Web tools	Off	Let tool-capable models fetch live web pages and run web searches during a chat, so answers can use up-to-date information (private/loopback hosts are always blocked). Off by default — turning it on adds extra work per request. When it's on, the chat response also lists the pages fetched and searches run under a `pendra.web_tool_steps` field, so you can see what the model looked at.
Task timeout	`30m`	Wall-clock limit for a single non-streaming request (chat, embeddings, rerank, image, transcription), from 1 to 120 minutes. Raise it for very large or slow models; lower it to fail faster. Streaming chat is unaffected.

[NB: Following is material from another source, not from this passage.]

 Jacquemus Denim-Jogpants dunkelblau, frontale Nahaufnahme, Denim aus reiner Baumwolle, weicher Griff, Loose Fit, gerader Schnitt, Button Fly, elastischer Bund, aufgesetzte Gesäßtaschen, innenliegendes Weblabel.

Max concurrent requests	`1`	How many requests this worker runs in parallel (range `1`–`64`) — also how many Pendra sends it before routing to another worker. Defaults to one at a time; raise it on hardware that can serve more without running out of memory.

Command	Purpose
`pendra` / `pendra run`	Start the worker daemon.
`pendra status`	Connection and model info for the running worker.
`pendra restart-backend`	Restart just the inference engine (a fresh process starts on the next request) without stopping the worker. Use it to recover a stalled GPU that has fallen back to running on CPU.
`pendra config`	Print resolved config and the file path it loaded from.
`pendra config set <key> <value>`	Mutate the config file.
`pendra setup`	Interactive setup wizard.
`pendra models`	List the models installed on the worker.
`pendra models install <model>`	Install a catalogue model onto the worker.
`pendra logs`	Tail the worker's log buffer (`-f` follows). The OS-supervised service is managed with `systemctl` / `launchctl` / Services.msc.
`pendra doctor`	Diagnostics — checks the inference runtime, config, and the live worker connection. On a Linux service install, re-runs itself with `sudo` when it needs to read the service's config.